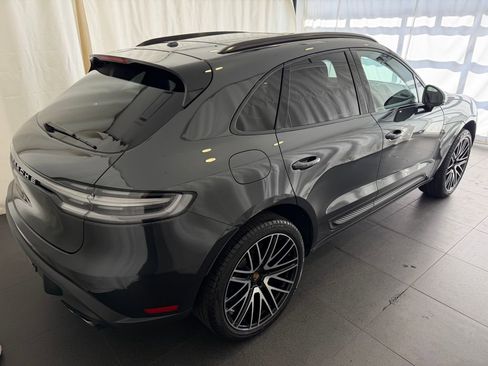 Certified 2026 Porsche Macan AWD/4WD image 9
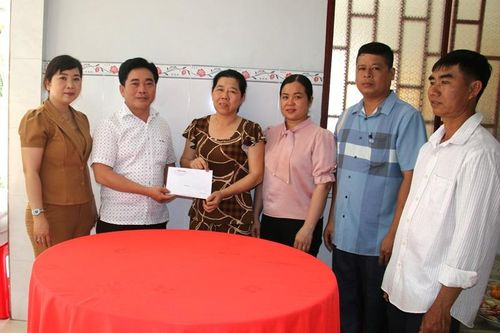 Trao 12,5 triệu đồng tiền hỗ trợ hoàn cảnh khó khăn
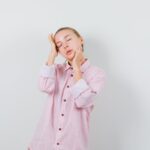 К чему чешется правое ухо в пятницу утром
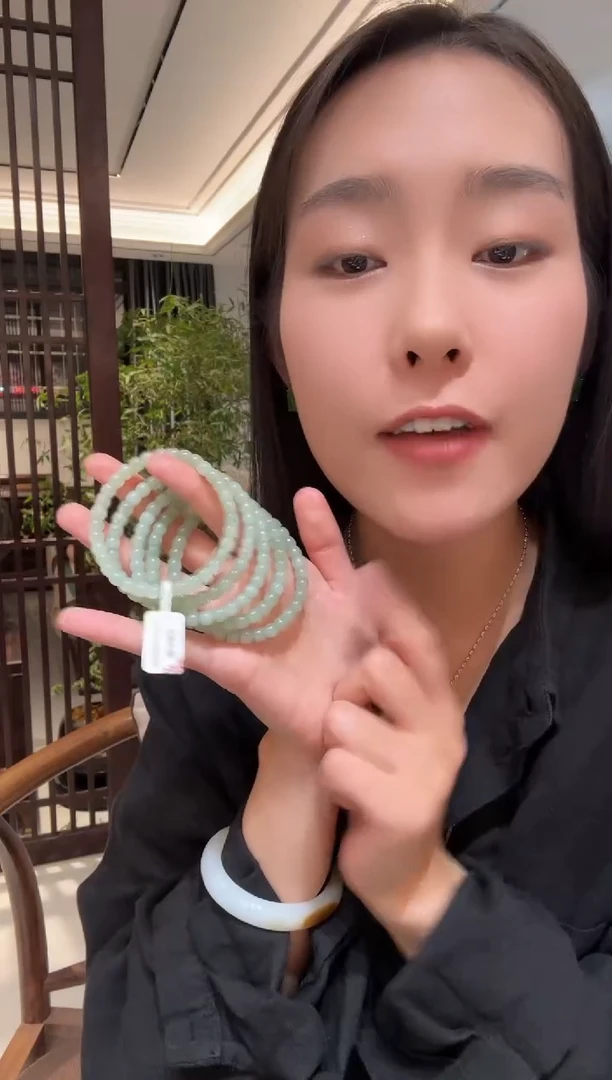 未镶嵌手串和田玉1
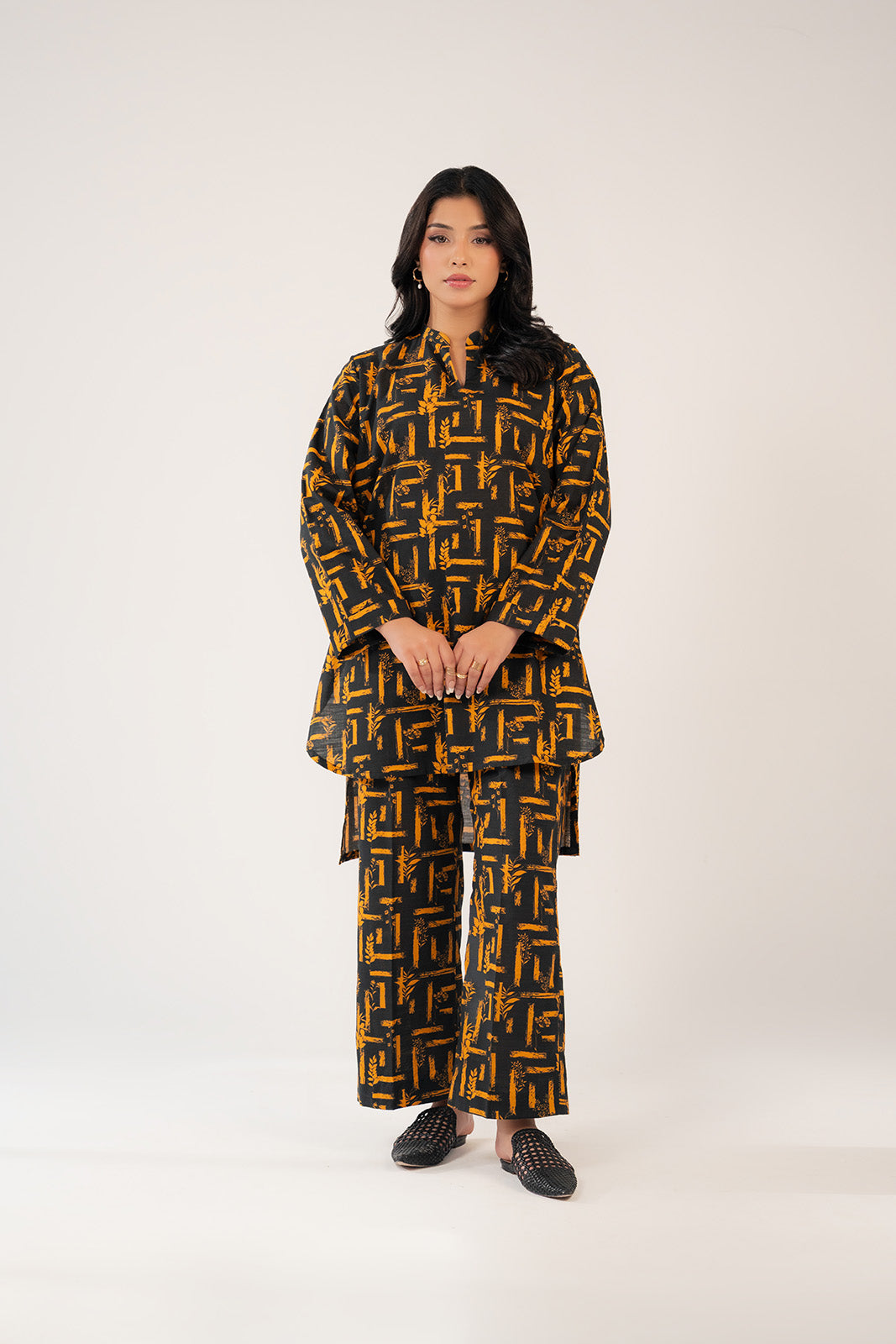 2 Piece Printed Slub Khaddar Printed Suit (CF0177)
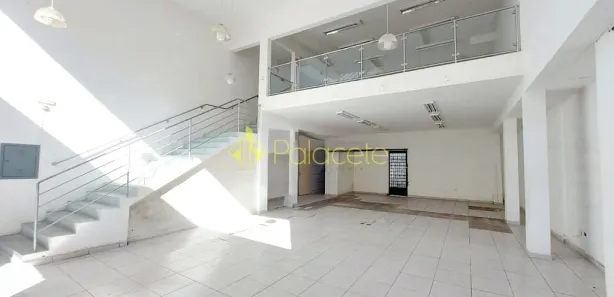 Prédio Inteiro para alugar, 375m² no Centro, Pindamonhangaba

···

Requirement:
With the pictures omitted, write out exactly the lines from the one that contains "2 Piece Printed" through the final line of the material above, both ends included.

Answer section:
 2 Piece Printed Slub Khaddar Printed Suit (CF0177)
 Prédio Inteiro para alugar, 375m² no Centro, Pindamonhangaba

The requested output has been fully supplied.